Aque­llos pode­res fác­ti­cos enton­ces eran, por orden alfa­bé­ti­co, Ban­ca, Ejér­ci­to e Igle­sia. Las cosas han cam­bia­do, los curas y los mili­ta­res, en su mayo­ría, han aban­do­na­do los con­se­jos de admi­nis­tra­ción de las gran­des fir­mas espa­ño­las. Pero su influen­cia, sien­to decir­lo tan abier­ta­men­te, sigue intac­ta. De la Ban­ca diría, inclu­so, que diri­ge los desig­nios de Espa­ña y Fran­cia y, por exten­sión, los nues­tros. Ban­que­ros pusie­ron a Sar­kozy en el Eli­seo, ban­que­ros orde­na­ron la refor­ma labo­ral a Zapa­te­ro, ban­que­ros mar­can rit­mos polí­ti­cos, depor­ti­vos y cul­tu­ra­les. Así de triste.

De la Igle­sia cató­li­ca qué decir. Esa sec­ta en la que se ha con­ver­ti­do, según el últi­mo apea­do, el fran­cis­cano Joxe Arre­gi, tie­ne tan­to poder como para mar­car lo que un Gobierno socia­lis­ta, sí, han leí­do bien, tie­ne que decir en mate­ria de edu­ca­ción, sexua­li­dad o moral. Si yo fue­ra un mar­ciano recién lle­ga­do a Otxa­te, pen­sa­ría que me están toma­do el pelo aque­llos que me calien­tan la ore­ja advir­tién­do­me del poder de los de la sota­na.
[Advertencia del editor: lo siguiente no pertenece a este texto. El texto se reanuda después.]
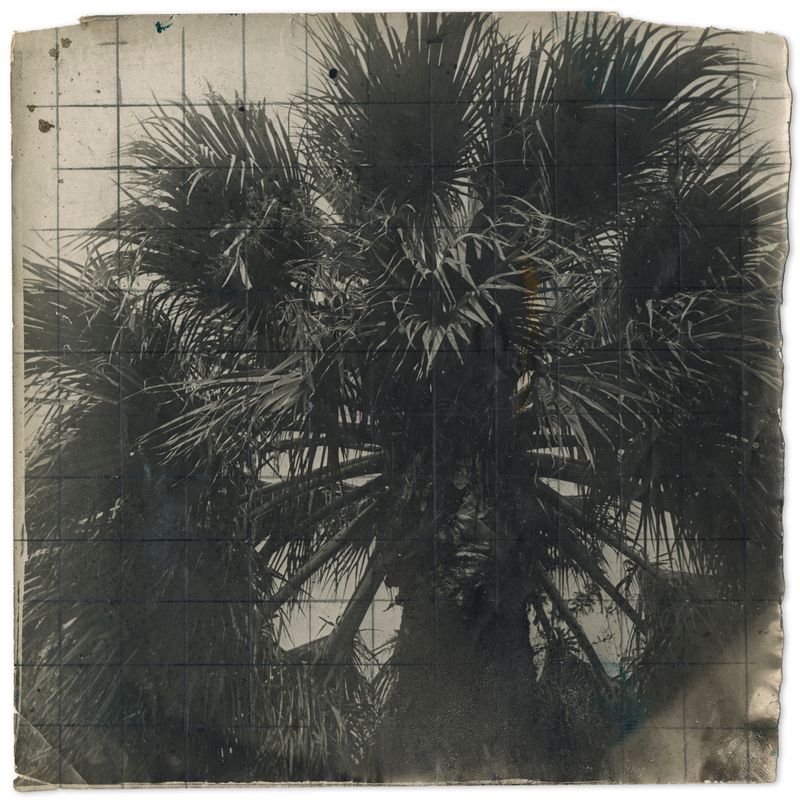 © Edgar Martins - Image from the When he spoke he fired imaginary shots with his gun shaped hands photography project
Lle­vo vivien­do ya unos años al nor­te de Otxa­te y se que esos mar­cia­nos que entran de otra dimen­sión por las puer­tas inter­ga­lác­ti­cas de Tre­bi­ñu están dema­sia­do per­di­dos como para saber de la misa la mitad.

Y de los mili­ta­res, qué decir. Mar­can bue­na par­te de la polí­ti­ca exte­rior de Espa­ña y de Fran­cia, mane­jan los hilos de sus ex colo­nias como si la des­co­lo­ni­za­ción fue­ra un cuen­to chino y, sobre todo, sir­ven de voce­ros a una indus­tria, la arma­men­tís­ti­ca, que nece­si­ta de gue­rras reales o fic­ti­cias, de coba­yas huma­nos, de pri­me­ros y ter­ce­ros mun­dos, de des­igual­da­des e injus­ti­cias para poder ejer­cer su labor.

La cade­na de man­do, tra­di­cio­nal­men­te mili­tar (la Igle­sia cató­li­ca no es sino el ejér­ci­to vati­cano, un caba­llo de Tro­ya extran­je­ro en nues­tra tie­rra), moder­na­men­te empre­sa­rial (ban­ca­ria, que es quien mue­ve los hilos de inver­sio­nes, prés­ta­mos o cie­rres), sigue tan vigen­te que cada vez estoy más con­ven­ci­do que la evo­lu­ción dar­vi­nia­na sólo es algo úni­ca­men­te bio­ló­gi­co. Social, cul­tu­ral y polí­ti­ca­men­te siguen domi­nan­do quie­nes poseen el fuego.